| Assigned task |
The range runs from the line containing "Вести. Ингушетия" to the last line of the entries. Restate those lines word for word, without the pictures.

[Short descriptive text snippets]

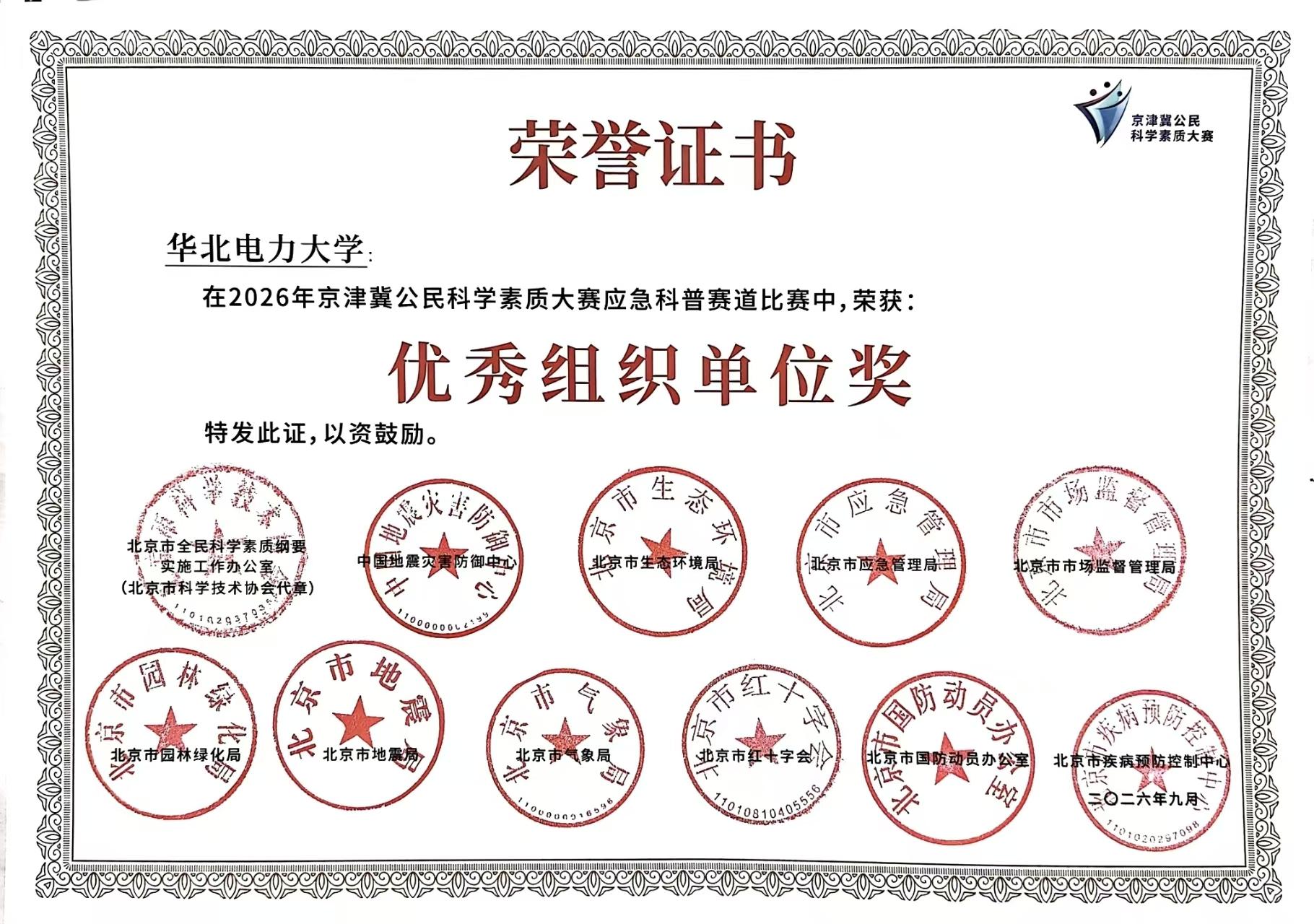 图片3.jpg 图片3.jpg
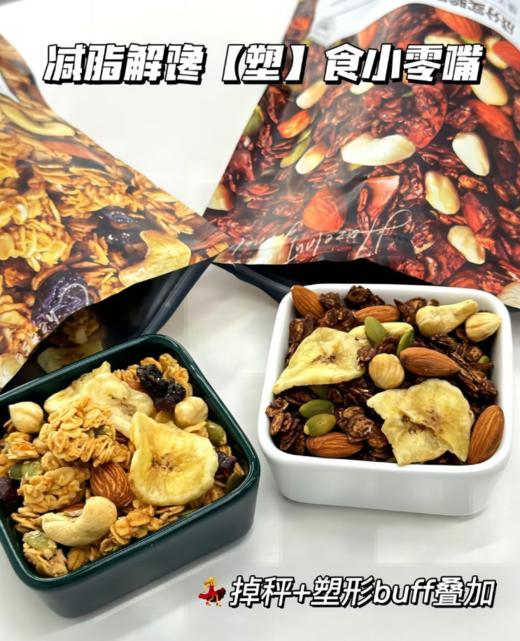 帕梅拉的最爱成分实验室烘焙燕麦可可味、芝士味 商品图4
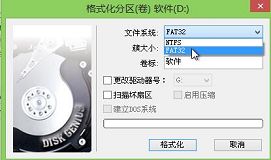 硬盤分區(qū)ntfs轉(zhuǎn)換fat32格式教程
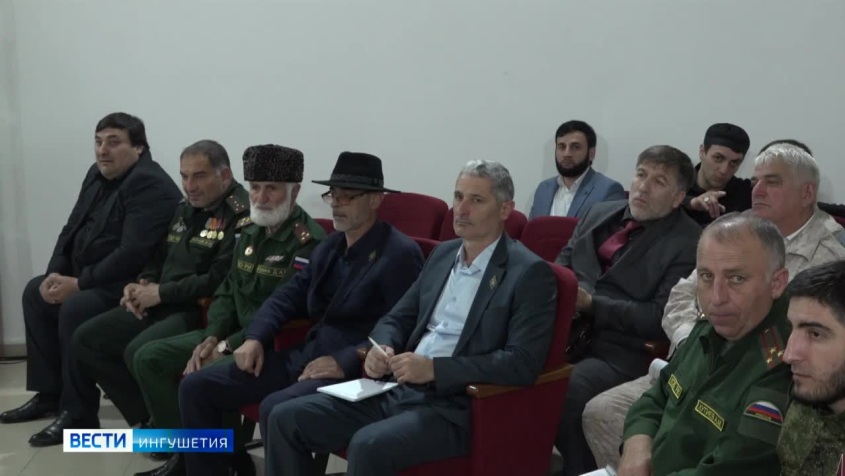 Вести. Ингушетия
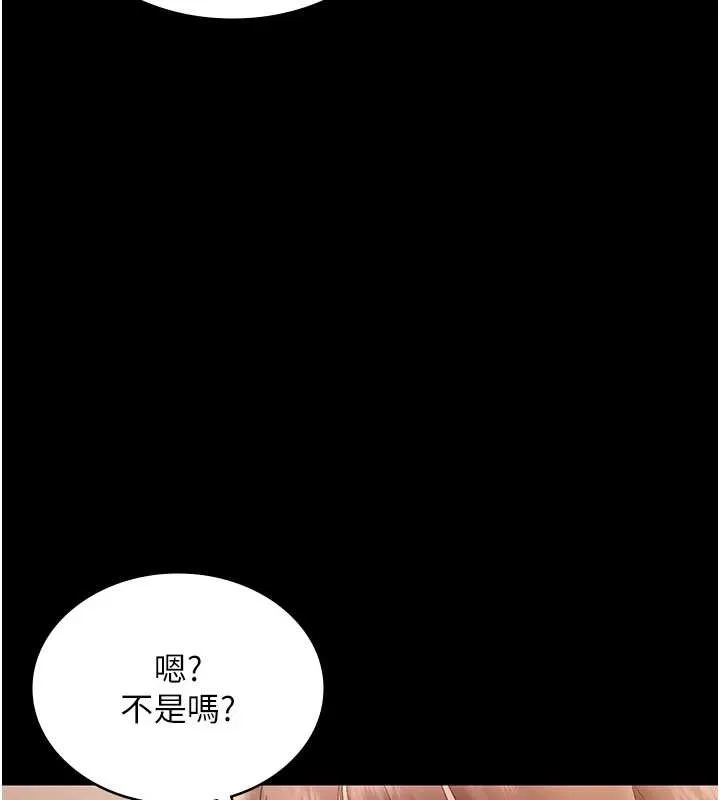 老闆娘的诱惑 第81話-硬到快要炸開了 第31页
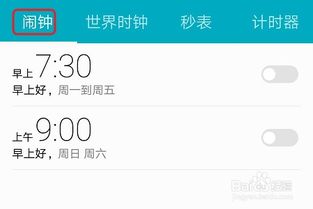 闹铃怎么调华为手机 闹铃怎么调华为手机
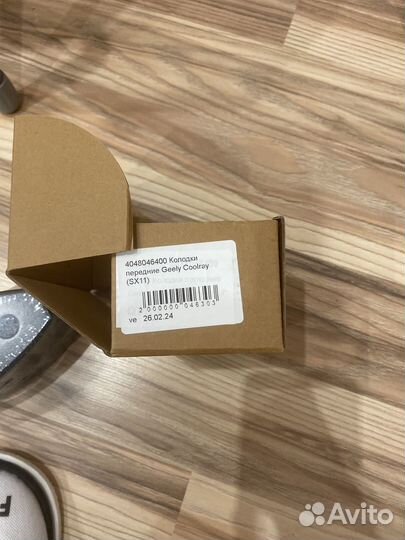 Колодки передние Geely Coolray (SX11)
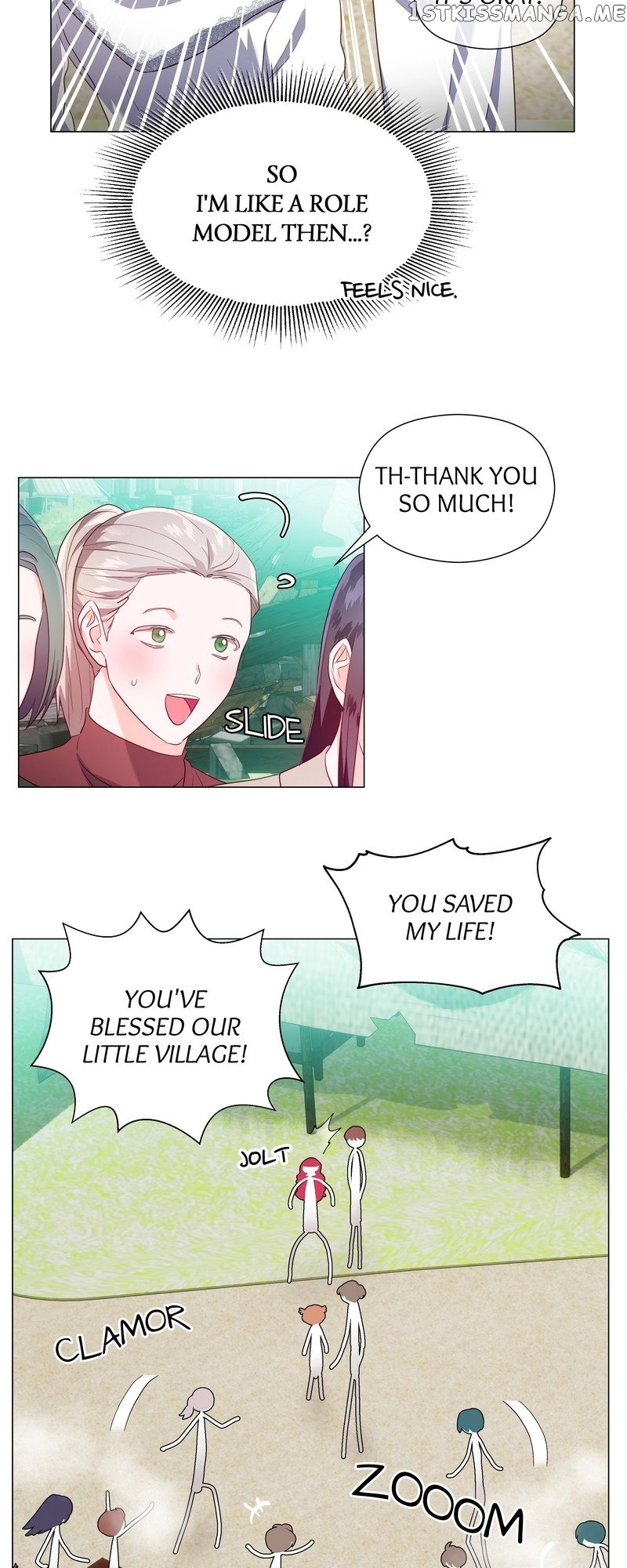 Extras Don’t Want to be Overly Obsessed Chapter 92 - page 6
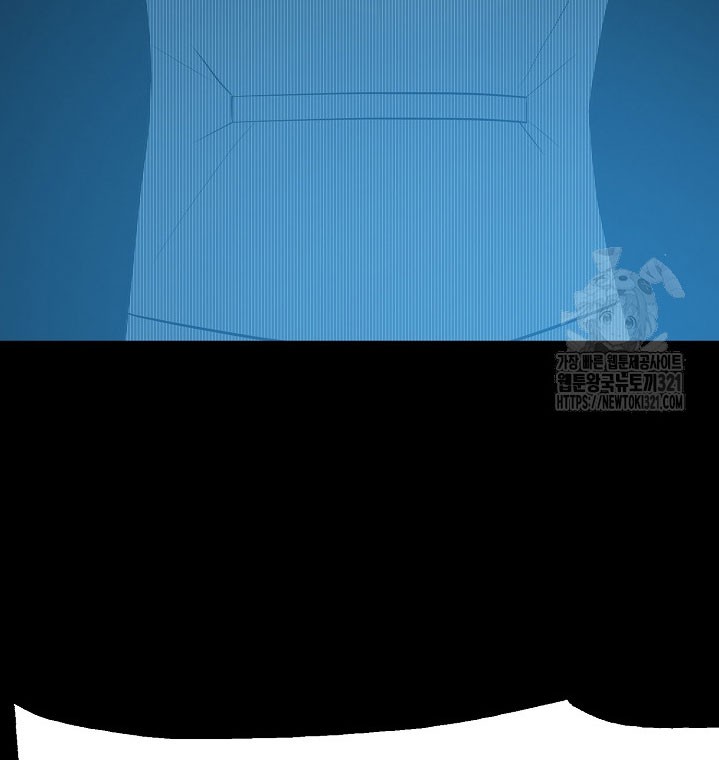 The Villain Chapter 167 Gambar 55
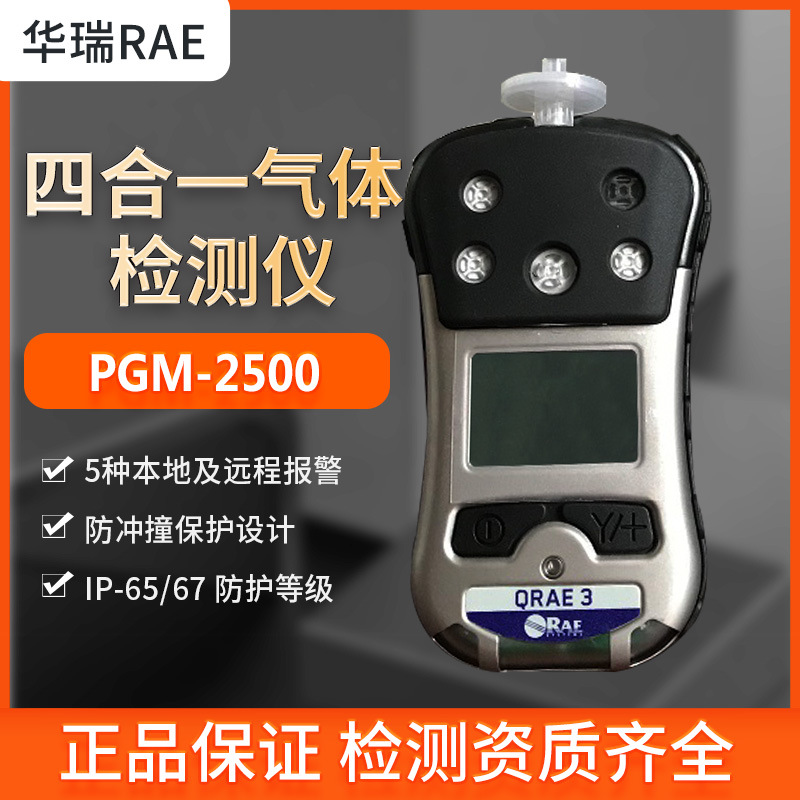 美国RAE华瑞PGM-2500四合一气体检测仪空气质量监测器QRAE3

| Answer space |
 Вести. Ингушетия
 老闆娘的诱惑 第81話-硬到快要炸開了 第31页
 闹铃怎么调华为手机 闹铃怎么调华为手机
 Колодки передние Geely Coolray (SX11)
 Extras Don’t Want to be Overly Obsessed Chapter 92 - page 6
 The Villain Chapter 167 Gambar 55
 美国RAE华瑞PGM-2500四合一气体检测仪空气质量监测器QRAE3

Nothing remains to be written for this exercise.